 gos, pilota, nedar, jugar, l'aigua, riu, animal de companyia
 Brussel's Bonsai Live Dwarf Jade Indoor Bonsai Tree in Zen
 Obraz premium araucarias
####################
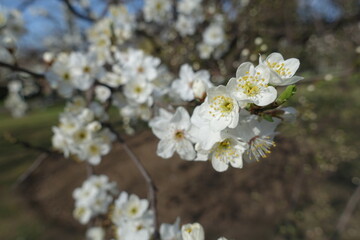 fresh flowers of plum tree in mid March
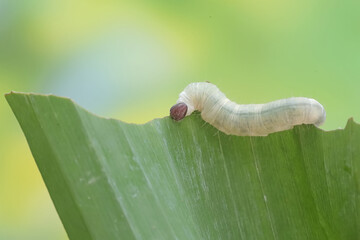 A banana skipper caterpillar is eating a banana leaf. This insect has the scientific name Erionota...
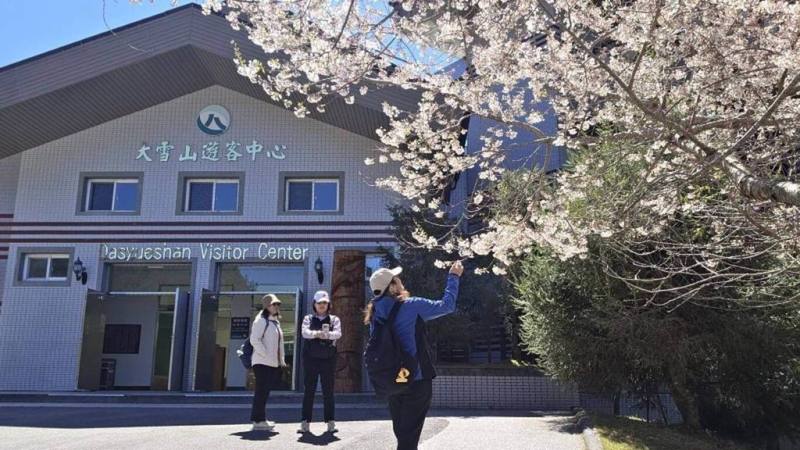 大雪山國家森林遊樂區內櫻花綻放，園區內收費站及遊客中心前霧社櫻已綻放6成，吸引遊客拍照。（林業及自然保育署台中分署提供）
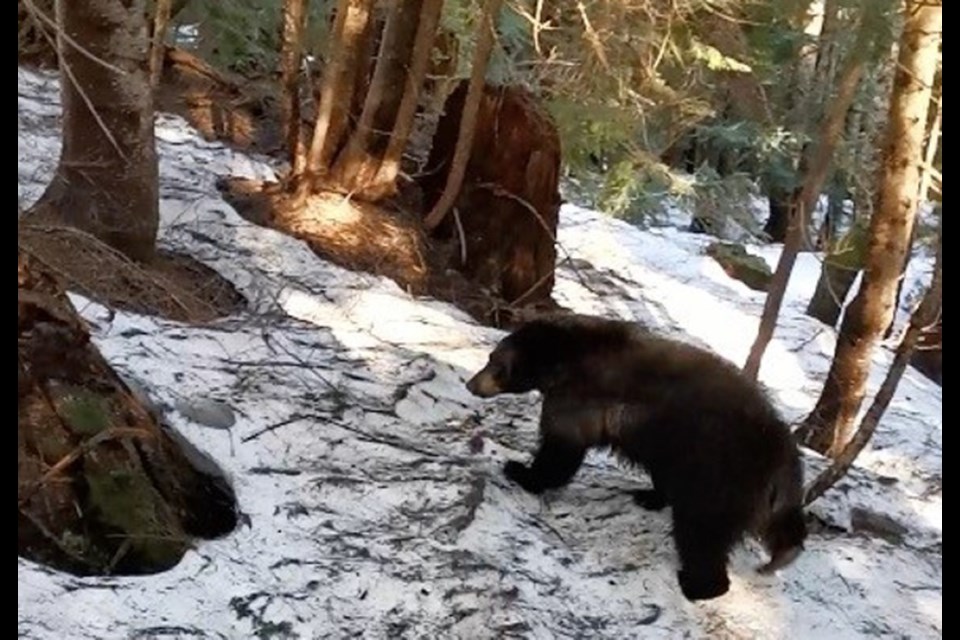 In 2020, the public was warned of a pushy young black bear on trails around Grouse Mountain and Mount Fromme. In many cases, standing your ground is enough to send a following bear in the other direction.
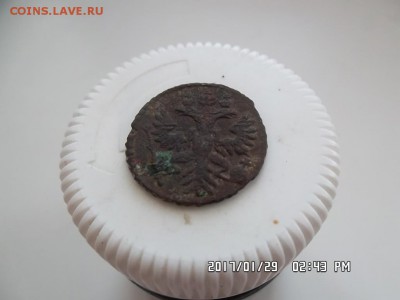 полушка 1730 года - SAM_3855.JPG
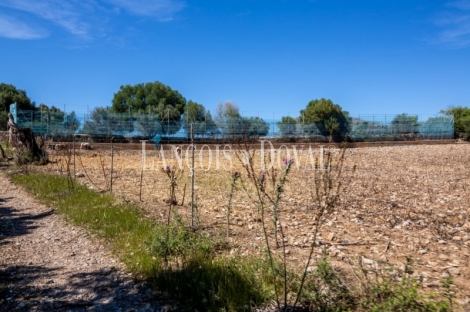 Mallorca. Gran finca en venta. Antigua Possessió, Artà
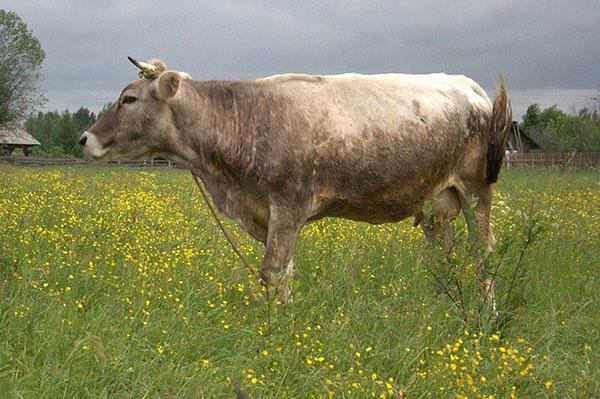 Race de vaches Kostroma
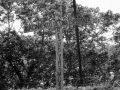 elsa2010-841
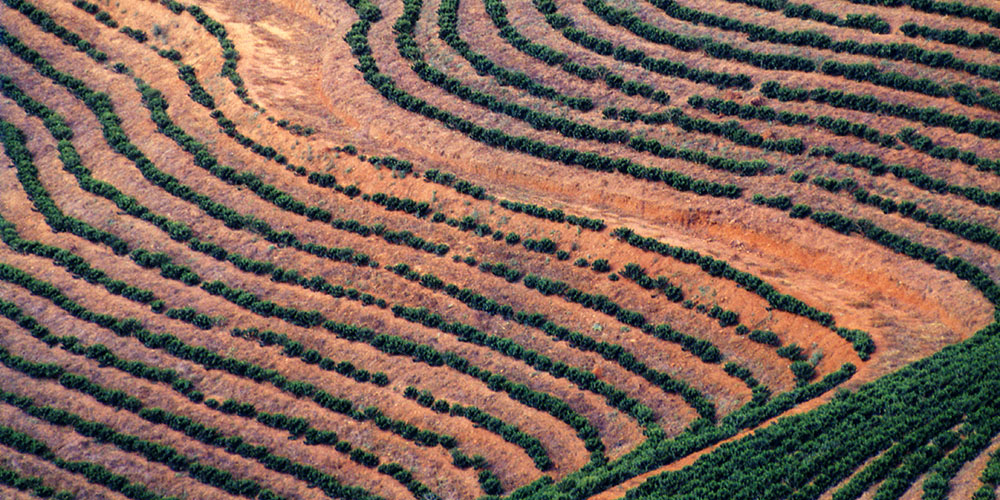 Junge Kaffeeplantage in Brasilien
####################
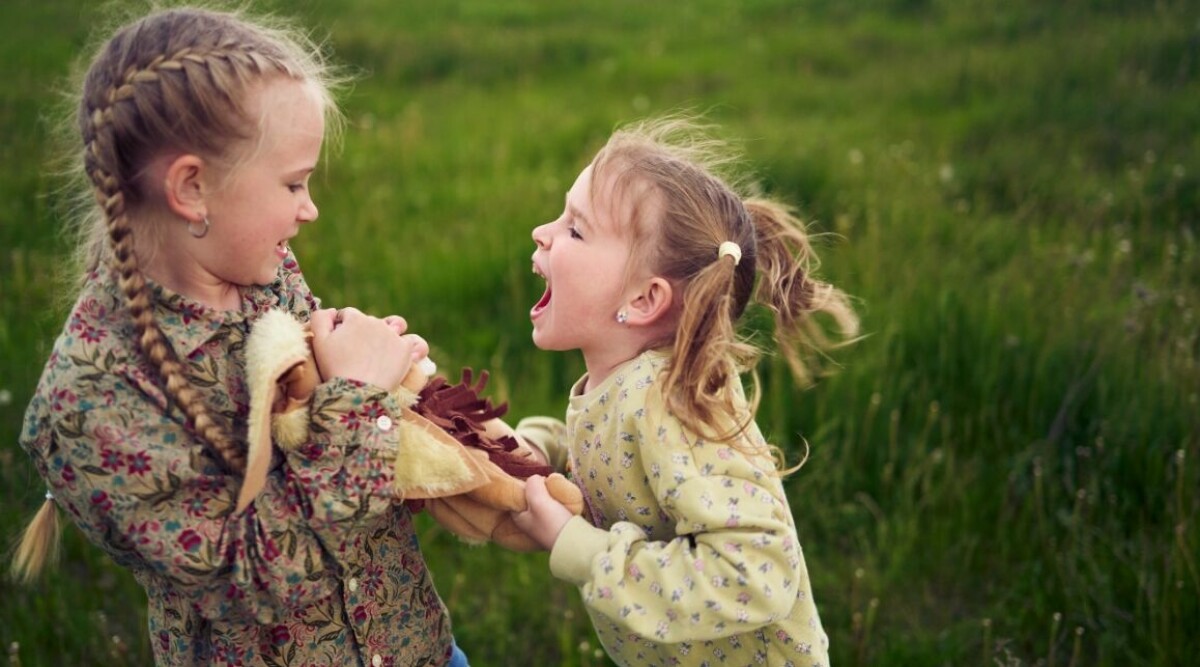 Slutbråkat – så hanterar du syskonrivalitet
####################
### Requirement
Everything in the material above from the line that has "gos, pilota, nedar, jugar, l'aigua, riu, animal" through the line that has "Obraz premium araucarias" must be duplicated exactly, with no other lines given.

### Answer below
 gos, pilota, nedar, jugar, l'aigua, riu, animal de companyia
 Brussel's Bonsai Live Dwarf Jade Indoor Bonsai Tree in Zen
 Obraz premium araucarias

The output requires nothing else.